Items from a dataset:
*** Begin section ***

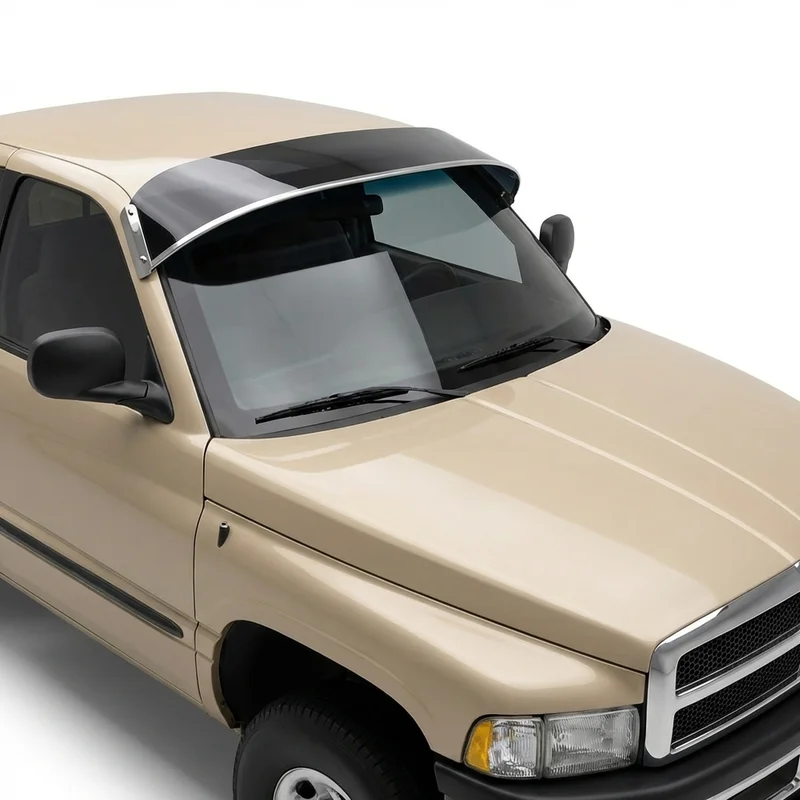 Getönte Acryl-Sonnenschutzblende für Dodge Ram 2500 (1994 - 2010) - 1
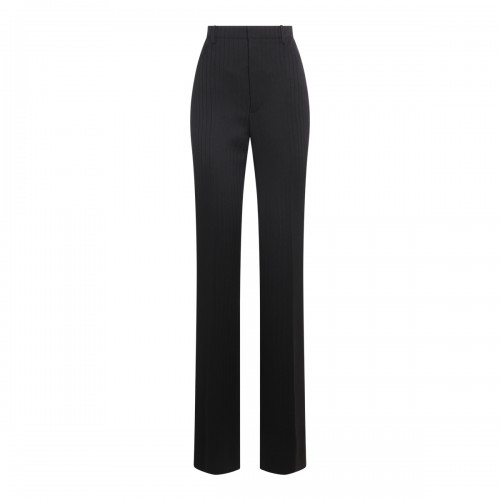 BLACK WOOL TROUSERS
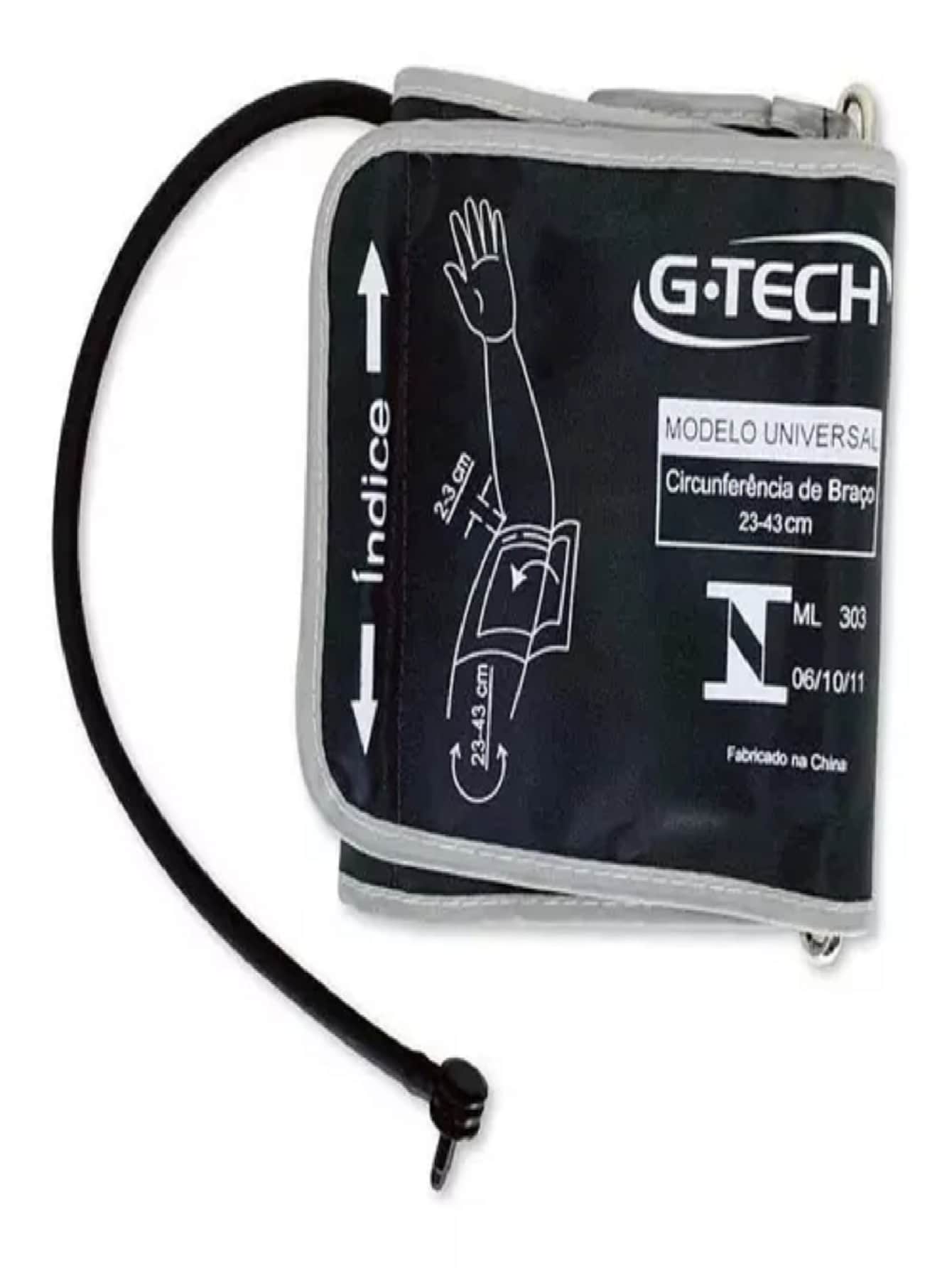 Braçadeira para Aparelho De Pressão Digital Braço Gtech - Preto - Visão 1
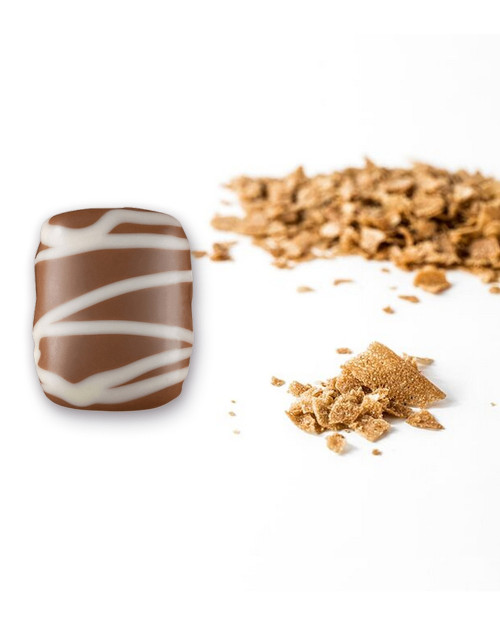 Mosaïque feuilletine lait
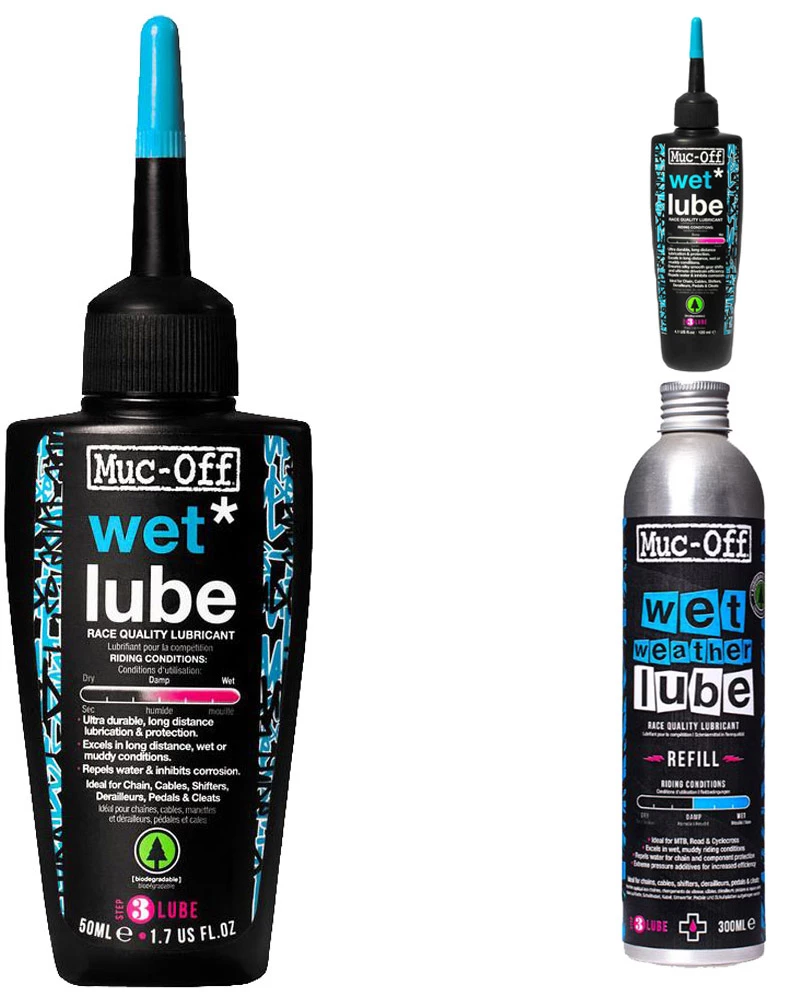 Muc-Off Wet Lube Huile Pour Chaînes Humides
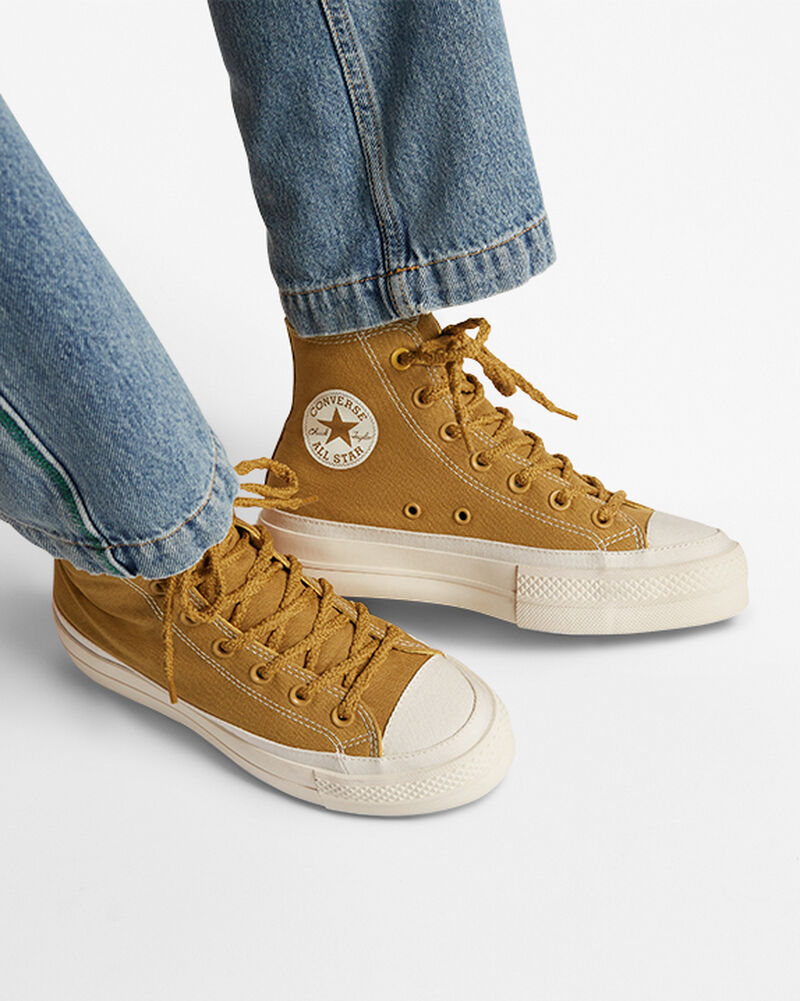 Dámské Boty Na Platformy Converse ​Chuck Taylor All Star Lift Tonal Platene Oranžové Žluté | 6435-CDFXK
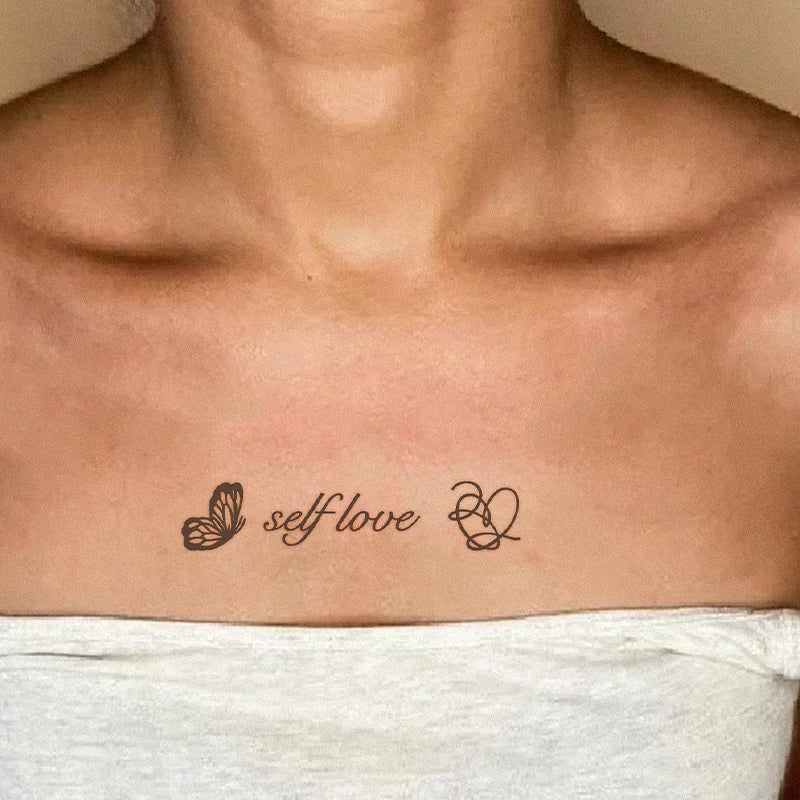 1 Stück wasserdichte temporäre Tattoo-Aufkleber mit kleinem Muster, langlebig und wasserdicht für ein bis zwei Wochen, für Arm und Bein.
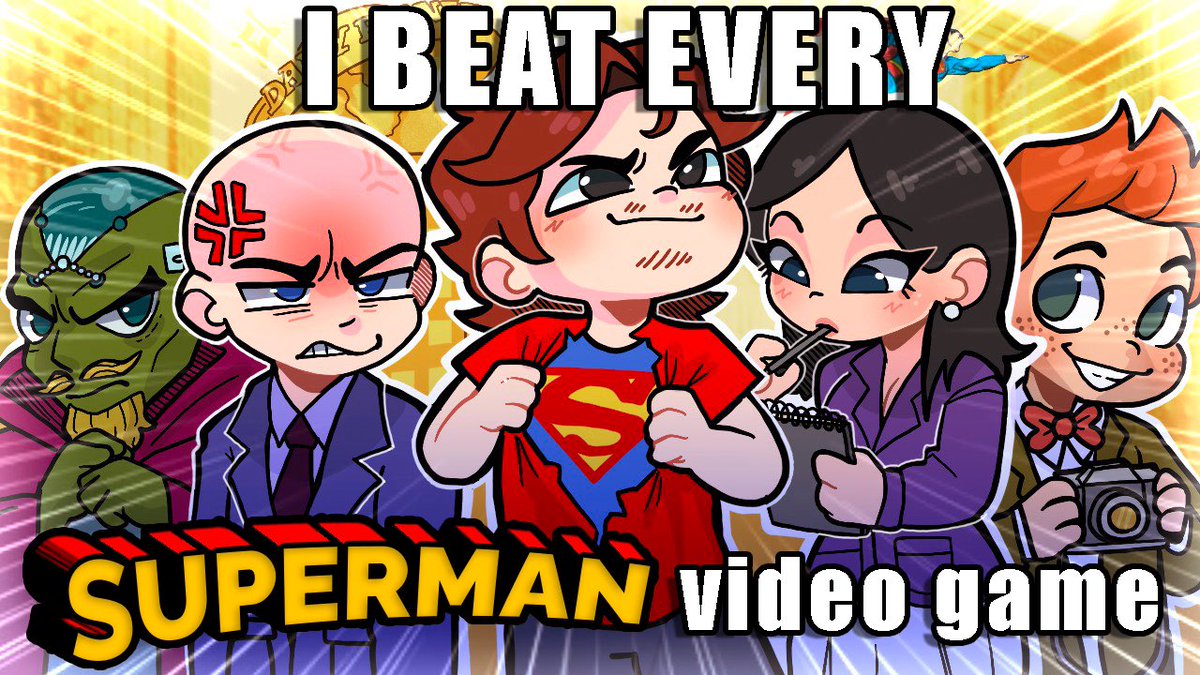 NEW VIDEO!!! I beat every Superman video game. Join me in this hour long journey to figure out why we don’t get new superman video games! 

Beautiful thumbnail done by: <a href="/bearsockz/">Teddy🐶🦴</a> 

Likes and retweets would be very much appreciated :) it’s also my birthday!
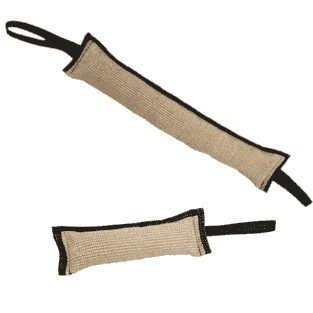 Dummy de dressage à mordre, jute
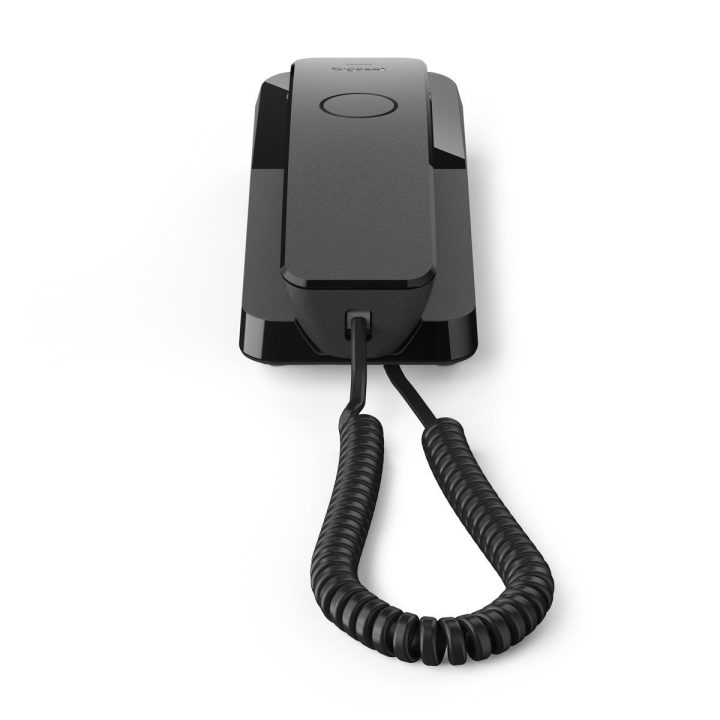 Telefone fixo Gigaset Desk 200 preto - cabo (S30054-H6539-R601)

*** End section ***

_Task description:_ Give again exactly the lines from the one holding "Dummy de dressage à mordre, jute" to the final line of the records, both ends included; any pictures stay out.

_Answer space:_
 Dummy de dressage à mordre, jute
 Telefone fixo Gigaset Desk 200 preto - cabo (S30054-H6539-R601)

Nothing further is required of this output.